W klubie pojawiło się tysiąc a może nawet więcej metalowej braci, zaangażowanej w koncert gwiazdy wieczoru od pierwszej minuty po obsuwie. Także, jeśli ktoś chciał moshować - to to robił, ściany śmierci? Owszem. Dokładnie na ‘’Ropes’’ oraz ‘’Cloud Connected’’. Crowd surfing? Jak najbardziej - niemal przez cały gig. Przed startem show In Flames ulokowaliśmy się z lewej strony sceny, tuż obok konsolety obsługiwanej - uwaga - przez piękną blondynę. Pierwszy raz widziałem by kobieta kręciła gałkami - i bynajmniej bez podtekstów. Sound kreowany przez (chyba) Szwedkę lub Brytyjkę, dał radę, a sądząc po jej minie przed koncertem, może nie była zestresowana, ale piętnastominutowa obsuwa w jej przypadku wydaje się być rzadkością. A co do brzmienia, jestem kontent i chylę czoła przed pracą tej urodziwej pani. Nie wiem jak na ‘’trybunach’’ i ‘’schodach’’, ale nawet w środku młyna - a co najciekawsze w drugim lub trzecim rzędzie (w którym to znalazłem się jeszcze w trakcie ‘’All For Me’’) wyraźnie słyszałem sola, modulowany głos Fridena, a co najważniejsze całe bębny.

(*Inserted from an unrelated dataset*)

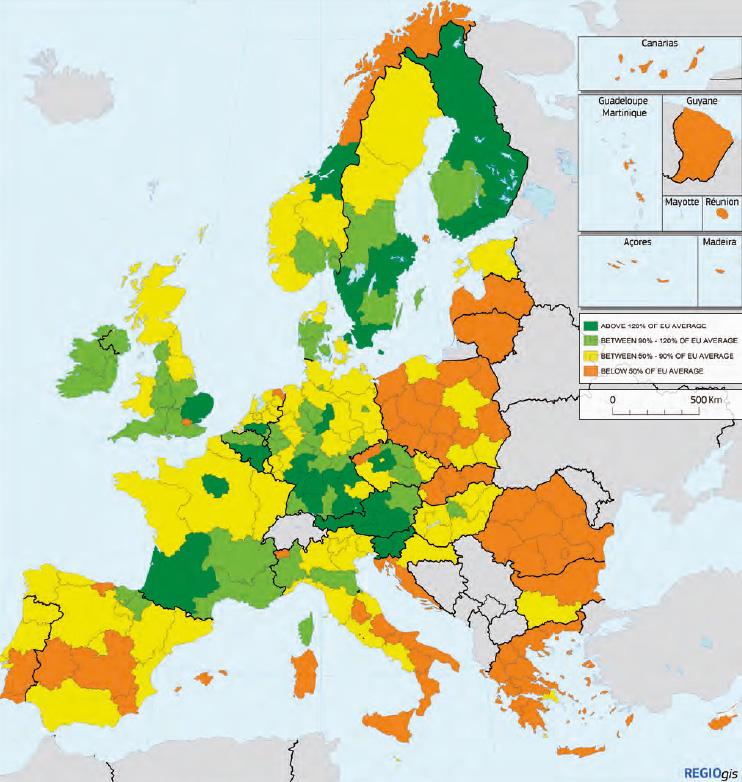 2016년 제16호 EPO 특허 출원 지표의 경우, 지역별 혁신성과 격차가 가장 큼 - 벨기에, 핀란드, 프랑스, 독일, 스웨덴에서는 소수 지역들만이 EU 평균의 90% 미만인 반면,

Osobiście najlepiej bawiłem się w czasie nieśmiertelnego ‘’Only For The Weak’’ (ktoś nie skakał?!) i wieńczącego występ ‘’Take This Life’’. "Insipid 2000" wypadło z setlisty, a świeżo dodane do koncertowego arsenału, mocno odbiegające od metalowego grania - ‘’Liberation’’ było chwilą spokoju, a może nawet koncertowych przemyśleń odnośnie tego, jak Polacy traktują inną niż czysto metalową twórczość. Podobnież ‘’Come Clarity’’, ale tutaj obyło się bez pogo, a za to z konkretnym sing a longiem. Swoją drogą Anders (wybitnie szczęśliwy tego wieczoru) chętnie i często dawał się wykazać setkom fanów. Z pozytywnych akcentów, wartych odnotowania nie tylko ze względu na dziennikarskie obowiązki, jest fakt, iż multum oddanych zwolenników grupy przyniosło ze sobą flagi, a jedna z nich, z tekstem z ‘’Take This Life’’, zawisła na zestawie perkusyjnym Daniela Svennsona. Ponadto fani przygotowali liczne karteczki ze starym/nowym logo zespołu z napisem ‘’Behind Space’’. Niestety ta akcja nie przyniosła zamierzonego rezultatu, podobnie jak wołanie o ‘’Clayman’’ czy ‘’My Sweet Shadow’’ (gdybym wiedział, że jest na to choćby cień szansy, to pewnie darłbym się w niebogłosy).

Jeśli ktoś oczekiwał tylko wrażeń muzycznych - rozczarował się. I to pozytywnie! Anders co rusz zagadywał do ochroniarzy firmy Hektor, dziękując im za profesjonalną obsługę, a koniec końców, od jednego z ‘’Hectorów’’, pożyczył telefon komórkowy - mówiąc przy tym żartobliwie, że sam ma takich pięć, by nakręcić publiczność oraz zespół. Nasz polski Hector ochoczo wdał się w dyskusje z Andersem i wykonywał polecenia. Tylko czekać na wideo w serwisie Youtube.

Setlista:

Sounds of Playground Fading
Deliver Us
All for Me
Trigger
Alias
Colony
Swim
The Hive
The Quiet Place
Where the Dead Ships Dwell
Fear Is the Weakness
Come Clarity
Ropes
Darker Times
Liberation
Only for the Weak
Delight and Angers
Cloud Connected
Mirrors Truth
Take This Life

Zdecydowanie jeden z najlepszych koncertów w tym roku. A w całym moim życiu, jeden z lepszych - bo wreszcie zobaczyłem zespół, na którym praktycznie się wychowałem. Szkoda tylko, że dobór utworów jest mocno rozczarowujący, ale z drugiej strony, gdyby tak grali (jeszcze) więcej z (przykładowo) ‘’A Sense of Purpose’’ byłbym załamany. Również tak liczna reprezentacja nowego albumu (8 kawałków!) to kolejna niespodzianka, ponieważ o ile pamiętam "Come Clarity’’ miało znacznie uboższą promocję - a to dziwne, bo nie dość, że to najlepszy album w dorobku In Flames po ‘’Reroute to Remain’’ (w nowym millenium), to jeszcze wybitnie koncertowy.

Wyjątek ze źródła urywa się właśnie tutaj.